- **Try it**
Once you find the line with "Fred Perry Denarnica BILLFOLD W Modra Cene" in the data below, transcribe exactly each line from there to the line with "Le clos des Taulelles 18", inclusive, and nothing else. Drop the pictures.

········

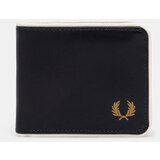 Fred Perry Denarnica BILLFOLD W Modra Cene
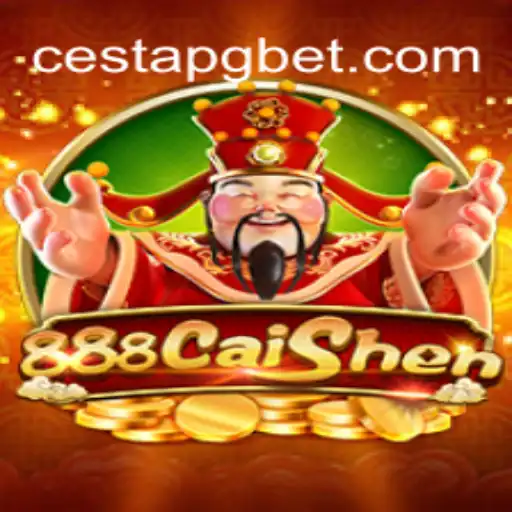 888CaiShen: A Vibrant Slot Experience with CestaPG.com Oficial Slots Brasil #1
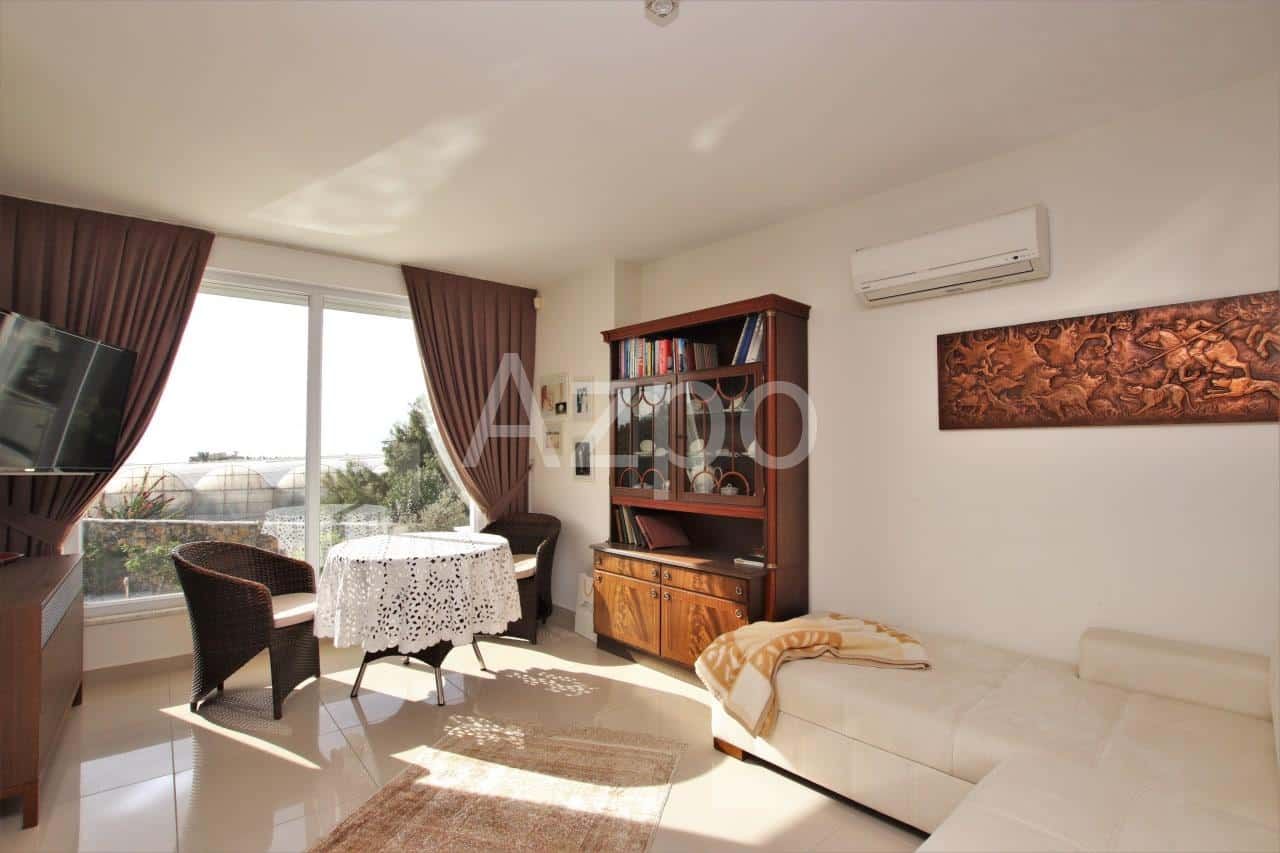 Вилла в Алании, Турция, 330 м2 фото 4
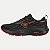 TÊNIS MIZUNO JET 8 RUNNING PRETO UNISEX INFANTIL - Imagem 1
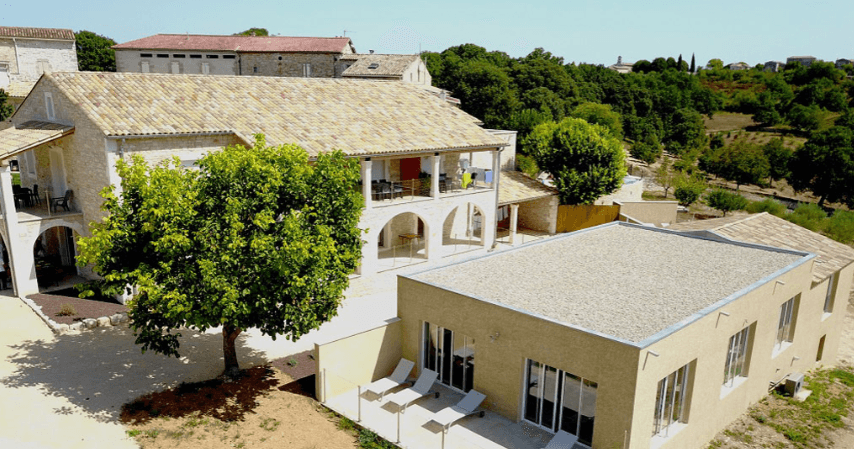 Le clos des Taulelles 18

········

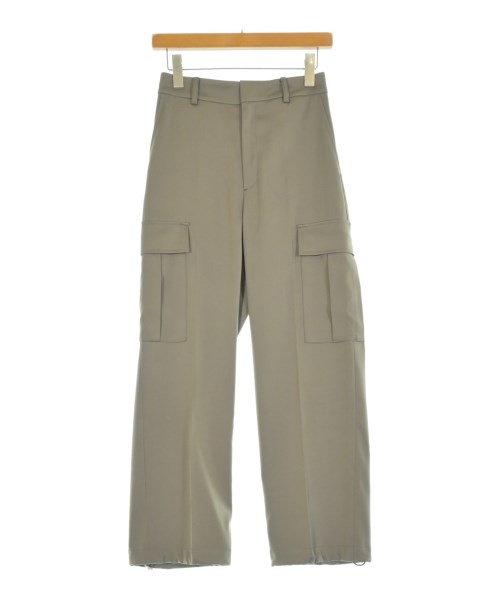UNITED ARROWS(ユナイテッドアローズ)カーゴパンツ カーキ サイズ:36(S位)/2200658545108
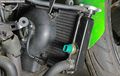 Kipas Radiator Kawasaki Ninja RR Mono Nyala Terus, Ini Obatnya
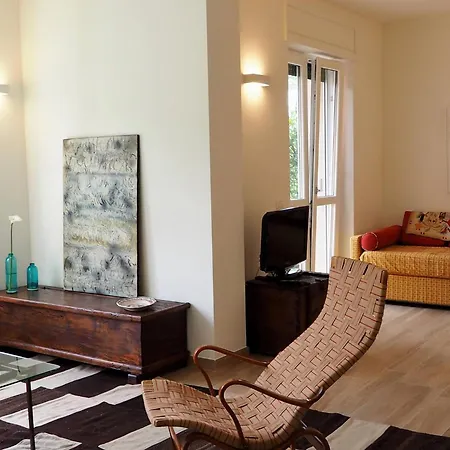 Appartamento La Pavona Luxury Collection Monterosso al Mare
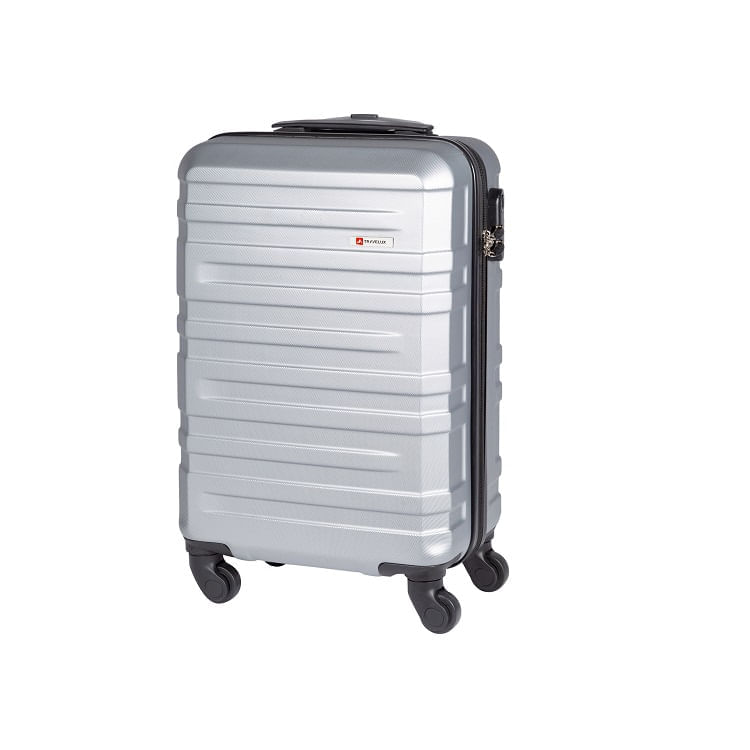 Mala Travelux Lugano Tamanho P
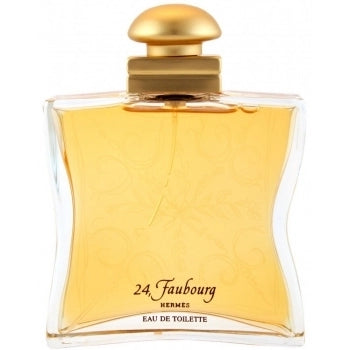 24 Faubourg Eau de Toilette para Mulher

········

- **Solution to this task**
 Fred Perry Denarnica BILLFOLD W Modra Cene
 888CaiShen: A Vibrant Slot Experience with CestaPG.com Oficial Slots Brasil #1
 Вилла в Алании, Турция, 330 м2 фото 4
 TÊNIS MIZUNO JET 8 RUNNING PRETO UNISEX INFANTIL - Imagem 1
 Le clos des Taulelles 18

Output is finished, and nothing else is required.